THE RECORDS
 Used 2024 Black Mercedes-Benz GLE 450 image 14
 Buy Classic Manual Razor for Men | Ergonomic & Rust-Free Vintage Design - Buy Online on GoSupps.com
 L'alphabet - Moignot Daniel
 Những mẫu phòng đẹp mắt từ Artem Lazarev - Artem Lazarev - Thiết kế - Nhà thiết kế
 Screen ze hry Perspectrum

* * *

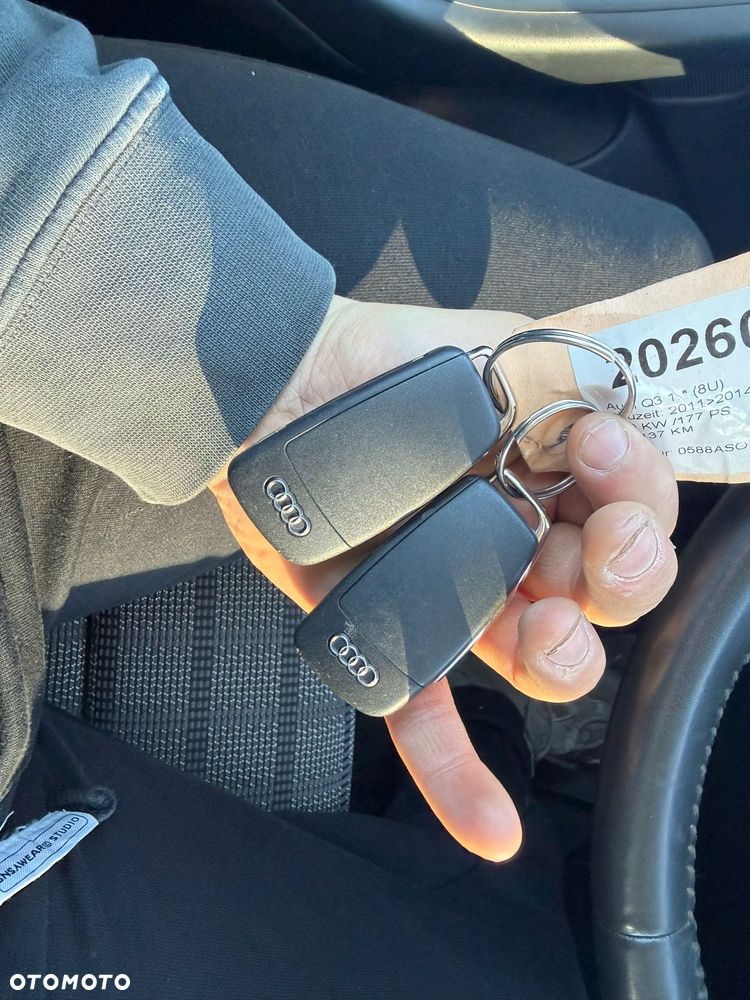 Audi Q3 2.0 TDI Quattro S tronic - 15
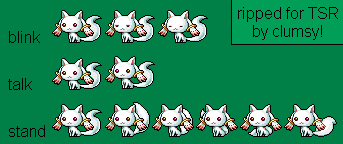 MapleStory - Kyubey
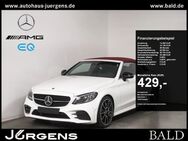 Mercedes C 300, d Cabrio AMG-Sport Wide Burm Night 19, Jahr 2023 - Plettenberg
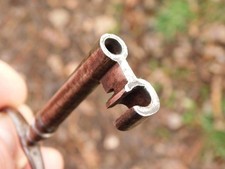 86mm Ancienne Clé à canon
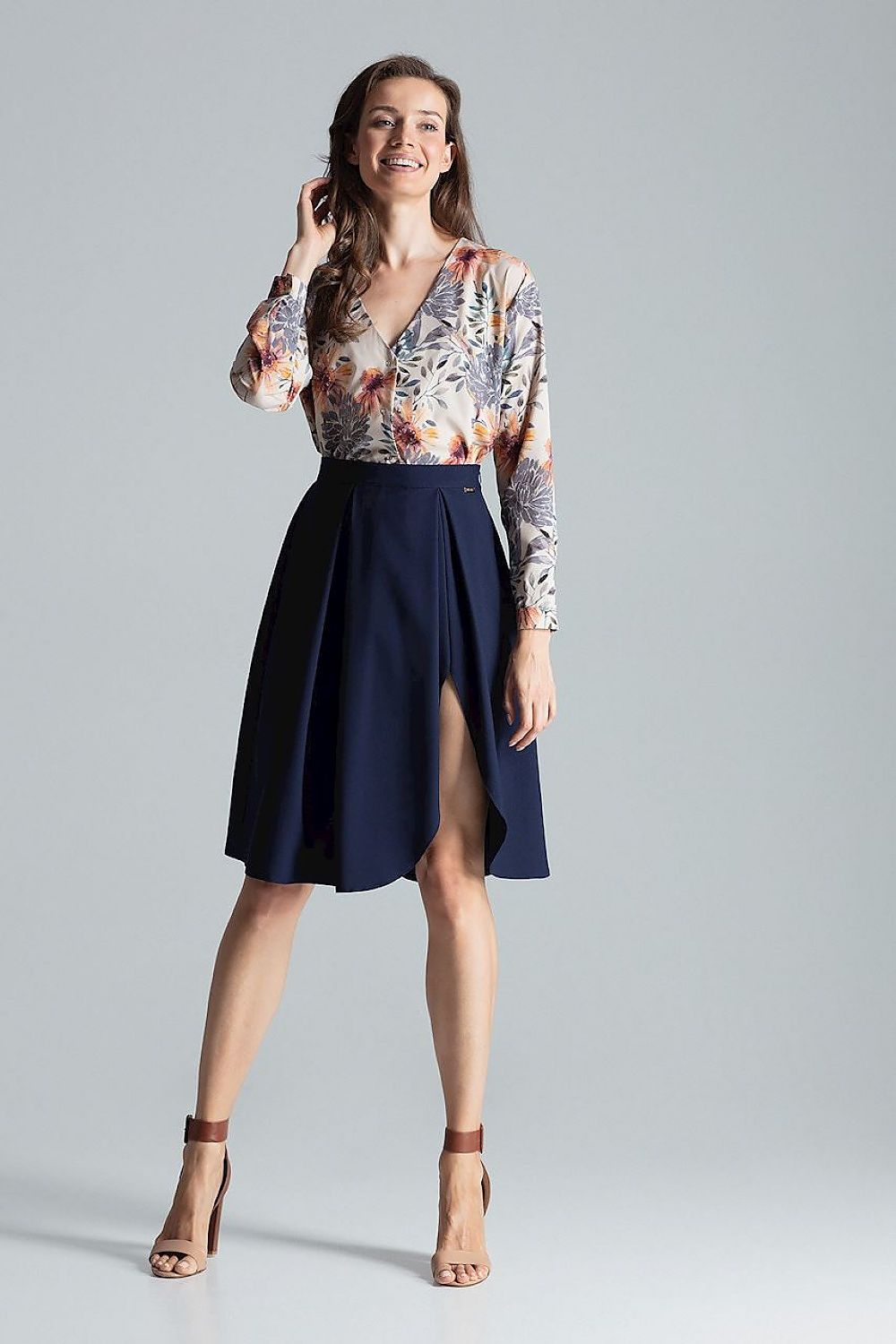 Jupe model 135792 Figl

TASK GOAL
Repeat exactly the lines above, from the line that contains "MapleStory - Kyubey" down through the line that contains "Jupe model 135792 Figl". Include both of those lines and none of the pictures.

RESPONSE
 MapleStory - Kyubey
 Mercedes C 300, d Cabrio AMG-Sport Wide Burm Night 19, Jahr 2023 - Plettenberg
 86mm Ancienne Clé à canon
 Jupe model 135792 Figl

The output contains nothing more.